Already an unlikely hit in Canada, the movie was one of the five finalists for the 2011 Oscar for Best Foreign Language Film. (It’s in French and Arabic.) Yet Villeneuve, discussing the movie over lunch recently at a Georgetown hotel, emphasizes the project’s improbability.
“It was not really a good idea for a Canadian director to make a film about war in the Middle East,’’ the 43-year-old filmmaker says. “I know nothing about Arab culture. I mean, I know some things. But I was not an expert at all! And I know nothing about war. It was really what the play was saying about family that attracted me so much.’’
Villeneuve first attended “Incendies,’’ known in English as “Scorched,’’ without any professional motive. But “I was totally astonished by the power of the story. I went out of the theater knowing I would do a film of it.’’

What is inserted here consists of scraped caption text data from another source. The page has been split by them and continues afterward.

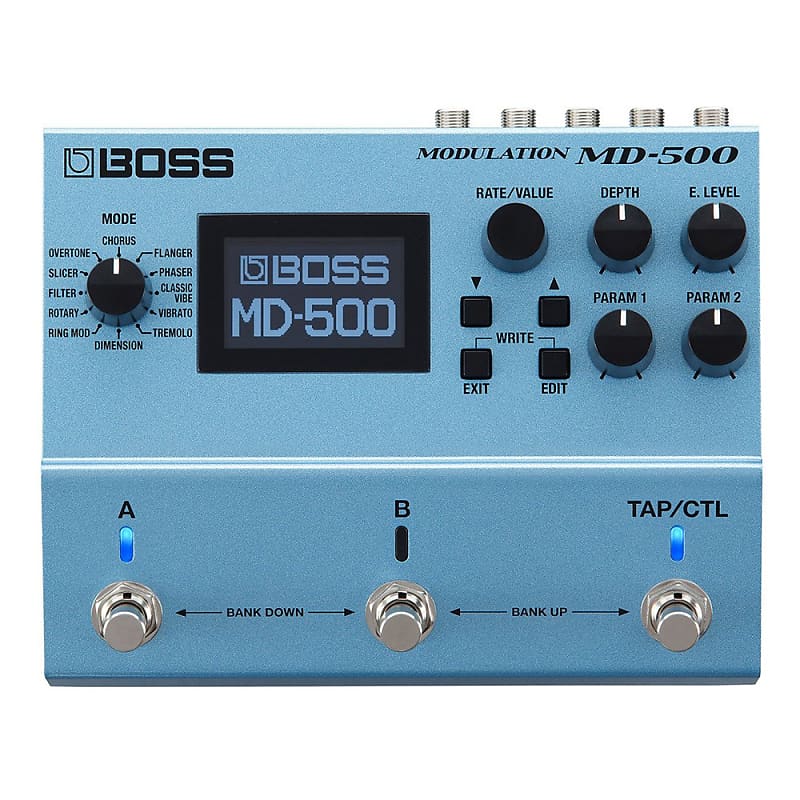 Boss MD500 Modulation Multi effect Guitar Pedal Reverb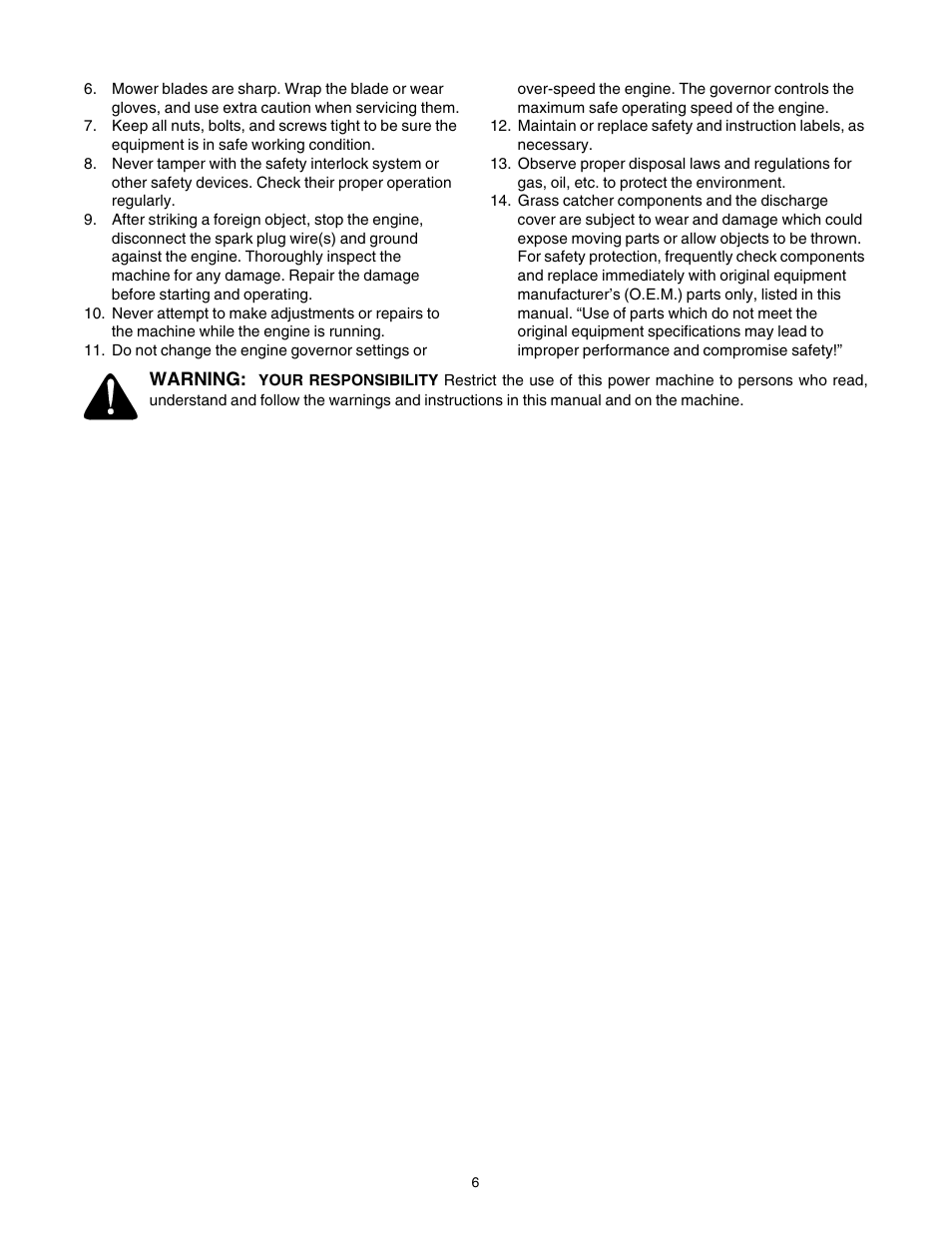 Cub Cadet LT1024 User Manual | Page 6 / 28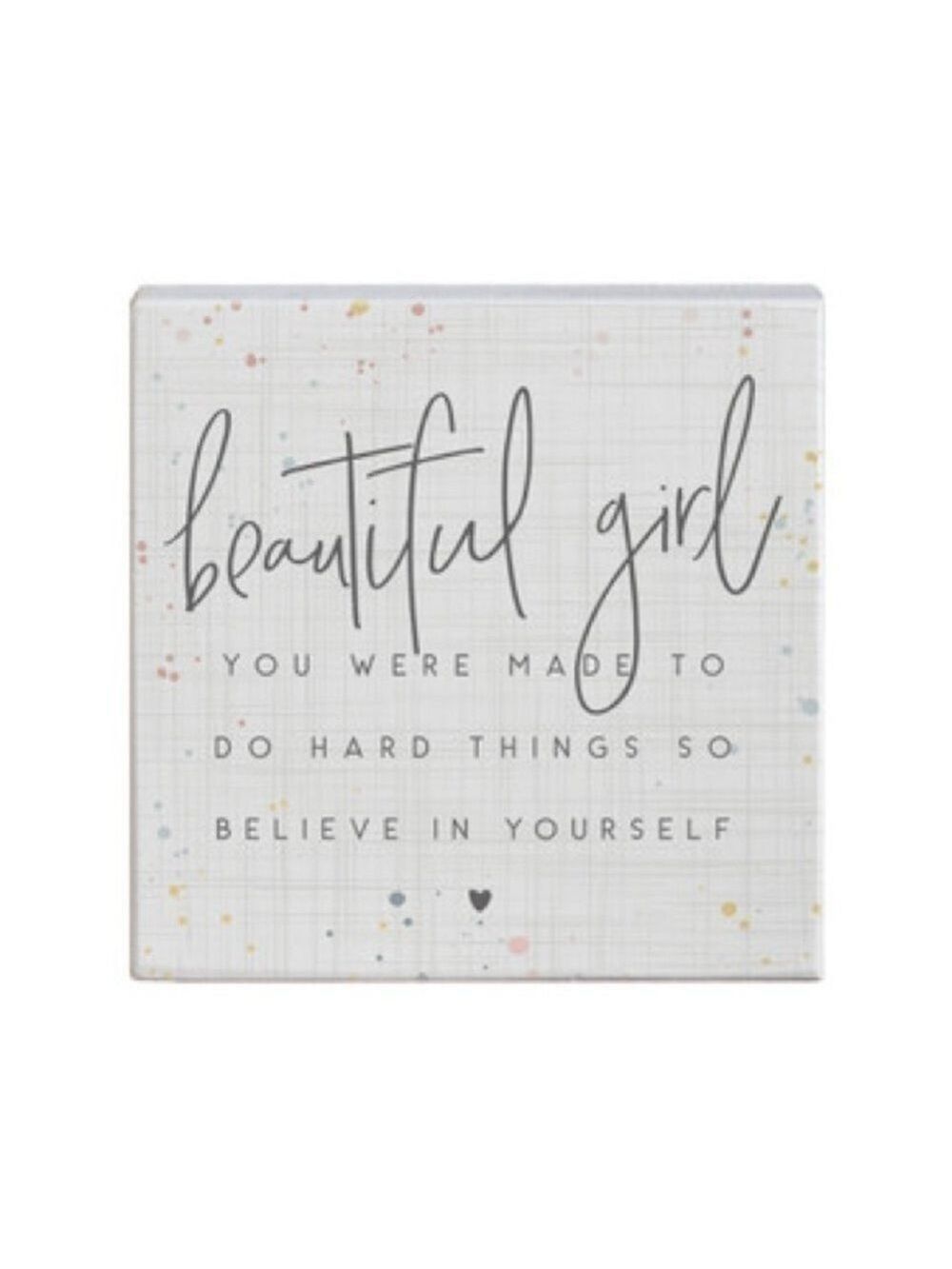 Altar’d State Beautiful Girl Inspirational Art Decor Block Wood Sign Farmhouse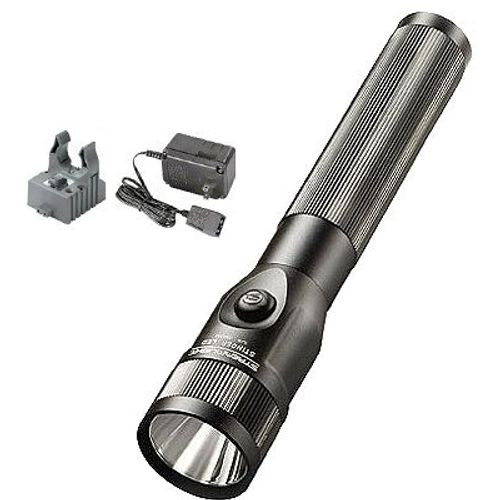 Streamlight 75712 Stinger LED 425/200/100 Lumens C4 LED Aluminum Black 3 Cell Sub-C NiCd 3.6V with 12V DC Smart Charger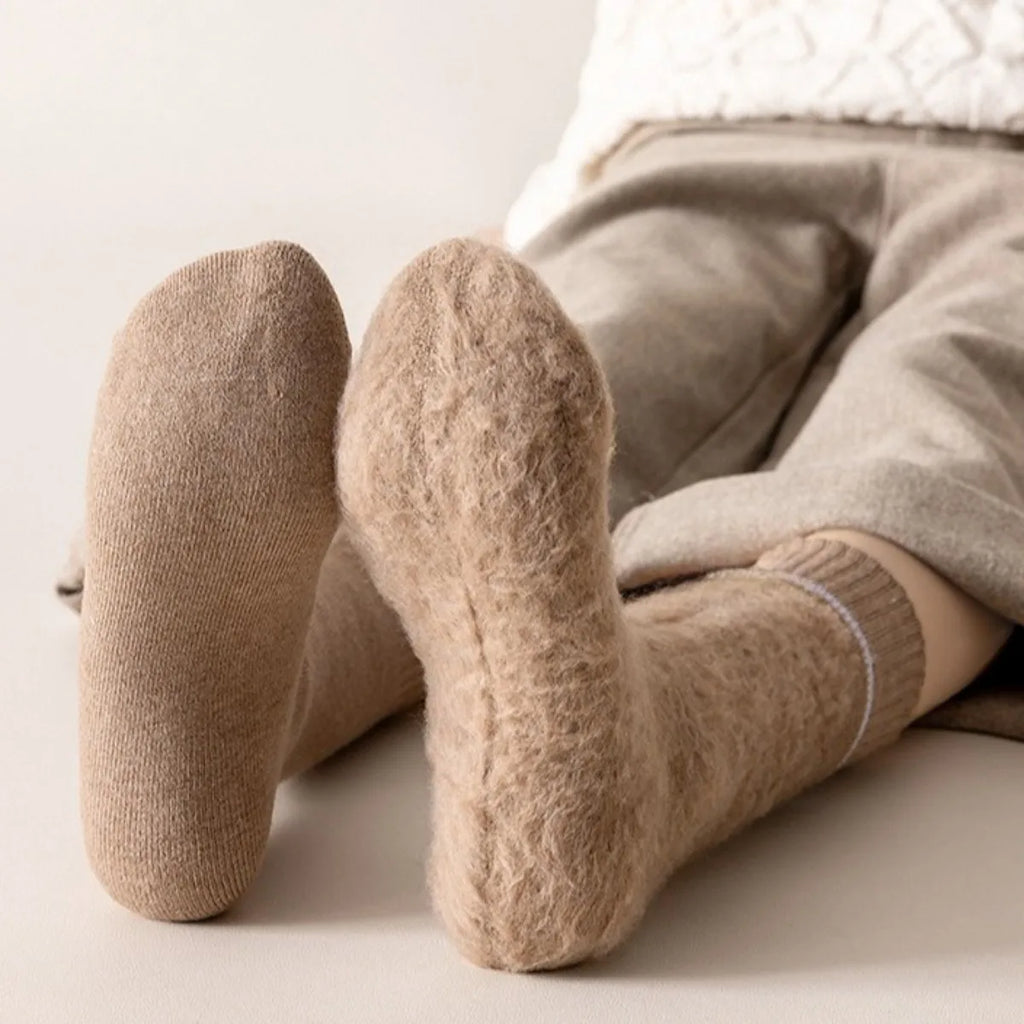 Women's Extra Thick Thermal Winter Crew Boot Socks | 1 Pair Thermal Winter Socks QXL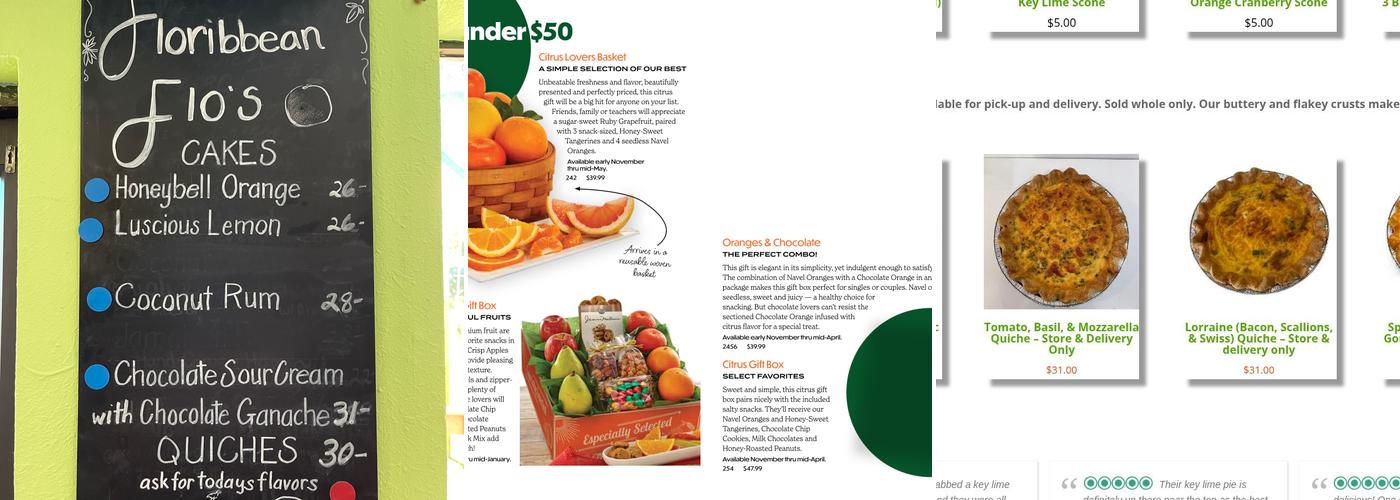 Flo's Bakery & Gifts Menu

Staged minimally, the play conjured snipers, assassinations and bloody reprisals entirely with dialogue. The movie makes the violence graphic, notably during a merciless attack on a bus full of women and children.
Yet the filmmaker “tried to keep the mythic quality,” he says. “That’s what I loved in the play, was the equilibrium between modernity and a Greek tragedy.’’
Mouawad’s story follows two adult Lebanese Canadian twins, Jeanne (Melissa Desormeaux-Poulin) and Simon (Maxim Gaudette), as they obey directives in their mother’s will. The document leads Jeanne, and ultimately Simon, from Montreal to Lebanon, where they learn things about their mother that she had never confided.
“Mouawad used both twins to show us the two reactions people can have to the past,’’ the director says. “Simon thinks you can live the present without thinking about the past. And Jeanne instinctively thinks that she has to know, in order to grow up.’’
Although Villeneuve’s script trims much of Mouawad’s language, the director recognizes that the movie remains “very theatrical . . . it flirts with melodrama all the time.” He even considered making “Incendies’’ as a silent movie. “In order to be really faithful, in a way, to Mouawad’s poetry, the perfect way would be to make a film without words at all. Just images inspired by his words.”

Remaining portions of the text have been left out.